Si le Québec se séparait du Canada, partiriez-vous?

– Je ne sais pas. Si une majorité de Québécois votaient pour la séparation, il faudrait bien trouver une façon de s’en accommoder. Mais il faudrait voir le climat. Diraient-ils par exemple: «Plus de télévision anglaise!»?

Avez-vous lu le programme du Parti québécois?

– Il y en a eu beaucoup. J’en ai lu plusieurs, dont un, de M. Parizeau, qui annonçait que le Québec aurait sa propre monnaie!

Mais ne pensez-vous pas que, peu importe qui est le chef du Parti québécois, il y aura toujours des radios ou des chaînes de télévision anglaises?

– Il faut voir.

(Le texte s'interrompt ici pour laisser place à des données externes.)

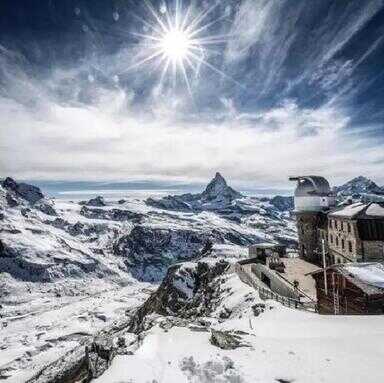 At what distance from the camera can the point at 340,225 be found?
53.7 m

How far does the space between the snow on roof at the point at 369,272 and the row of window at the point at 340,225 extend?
1854 cm

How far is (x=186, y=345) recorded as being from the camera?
22.0 m

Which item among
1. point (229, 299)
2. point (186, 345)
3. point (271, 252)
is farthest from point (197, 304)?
point (186, 345)

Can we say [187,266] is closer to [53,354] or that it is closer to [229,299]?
[229,299]

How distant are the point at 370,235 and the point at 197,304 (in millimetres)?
25079

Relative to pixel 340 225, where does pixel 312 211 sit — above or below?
above

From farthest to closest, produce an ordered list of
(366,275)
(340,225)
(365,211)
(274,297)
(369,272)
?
1. (340,225)
2. (365,211)
3. (274,297)
4. (369,272)
5. (366,275)

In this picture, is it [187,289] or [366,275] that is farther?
[187,289]

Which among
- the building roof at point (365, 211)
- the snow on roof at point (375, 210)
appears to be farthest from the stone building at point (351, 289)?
the snow on roof at point (375, 210)

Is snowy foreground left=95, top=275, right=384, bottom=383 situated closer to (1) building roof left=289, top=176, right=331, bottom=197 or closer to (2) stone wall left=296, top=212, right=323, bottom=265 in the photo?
(2) stone wall left=296, top=212, right=323, bottom=265

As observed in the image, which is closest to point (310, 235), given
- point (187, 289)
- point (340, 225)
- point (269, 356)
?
point (340, 225)

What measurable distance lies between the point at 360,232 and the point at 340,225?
460 cm

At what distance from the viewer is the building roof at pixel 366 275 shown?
28.7 m

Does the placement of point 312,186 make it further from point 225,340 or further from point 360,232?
point 225,340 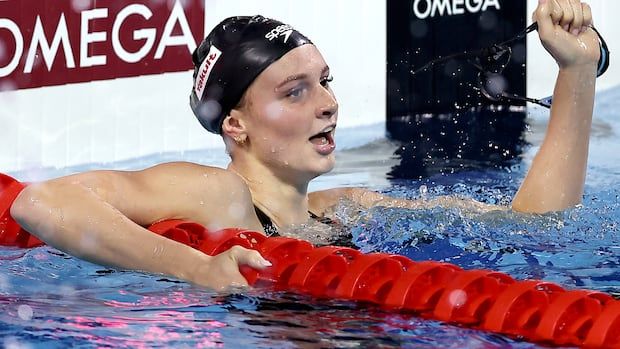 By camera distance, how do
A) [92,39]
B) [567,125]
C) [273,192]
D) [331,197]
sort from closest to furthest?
[273,192] → [567,125] → [331,197] → [92,39]

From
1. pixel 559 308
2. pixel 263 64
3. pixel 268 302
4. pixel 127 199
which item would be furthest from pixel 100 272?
pixel 559 308

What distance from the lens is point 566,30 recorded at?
3127 millimetres

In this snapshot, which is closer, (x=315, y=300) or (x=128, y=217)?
(x=315, y=300)

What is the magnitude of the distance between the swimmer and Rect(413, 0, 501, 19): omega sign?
2.80 m

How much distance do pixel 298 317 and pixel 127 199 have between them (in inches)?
22.0

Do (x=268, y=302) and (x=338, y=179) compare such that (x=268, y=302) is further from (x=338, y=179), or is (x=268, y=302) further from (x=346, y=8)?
(x=346, y=8)

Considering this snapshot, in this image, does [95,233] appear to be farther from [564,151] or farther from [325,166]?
[564,151]

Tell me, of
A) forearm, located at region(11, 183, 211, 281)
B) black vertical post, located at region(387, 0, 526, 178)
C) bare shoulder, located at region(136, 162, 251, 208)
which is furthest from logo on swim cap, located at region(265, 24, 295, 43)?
black vertical post, located at region(387, 0, 526, 178)

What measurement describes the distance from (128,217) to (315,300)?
496 mm

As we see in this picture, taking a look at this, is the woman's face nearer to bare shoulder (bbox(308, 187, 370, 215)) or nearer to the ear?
the ear

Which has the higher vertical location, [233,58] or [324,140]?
[233,58]

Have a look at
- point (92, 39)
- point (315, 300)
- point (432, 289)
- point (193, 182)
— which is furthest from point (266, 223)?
point (92, 39)

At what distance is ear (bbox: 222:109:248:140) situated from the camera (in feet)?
10.4

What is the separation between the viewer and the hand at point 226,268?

Lucien Bouchard a fait face à un vote très serré au Conseil national du Parti québécois. Il y a de bons sociaux-démocrates dans ce parti, mais il y a aussi l’aile de la Société Saint-Jean-Baptiste [la SSJB], qui est extrémiste. Déjà, un grand nombre de librairies françaises me censurent; elles ne vendent pas mes romans ni mes contes pour enfants. [L’actualité a vérifié aux librairies Garneau, Renaud-Bray, Champigny: toutes avaient ses livres en inventaire, y compris son plus récent, Qui a peur des Croquemoutards, publié en 1996.]

N’êtes-vous pas un peu paranoïaque?

– Je vous dis qu’elles ne vendent pas mes livres: c’est de la censure, pas de la paranoïa.

Cela vous blesse?

– Cela m’amuse, surtout. La société québécoise reste une société très civilisée, mais je ne suis pas sûr que ce sera toujours le cas. Les racines du nationalisme québécois sont racistes, antisémites, écoeurantes. Ce ne serait pas juste de dire que c’est encore le cas aujourd’hui, mais les racines sont toujours là. Je ne fais pas confiance aux «ceintures fléchées» de la SSJB. Les gens n’avaient pas peur de René Lévesque, mais Bouchard me fait vraiment peur.

L’avez-vous déjà rencontré?

– Peter White et sa femme ont organisé un dîner pour nous avec Bouchard et Audrey Best [l’épouse du premier ministre], au Ritz. Il dirigeait déjà le Bloc québécois. Nous nous sommes taquinés un peu. C’est un homme charmant, très cultivé, agréable de compagnie. Mais mettez-le en face d’une foule sympathique, on dirait qu’il se passe quelque chose: il devient terriblement démagogue.

N’êtes-vous pas ainsi?

– J’ai fait une tournée de conférences dans l’Ouest après la parution de mon essai politique et je me suis mis à défendre le Québec. C’était drôle de m’entendre défendre le sens démocratique des Québécois…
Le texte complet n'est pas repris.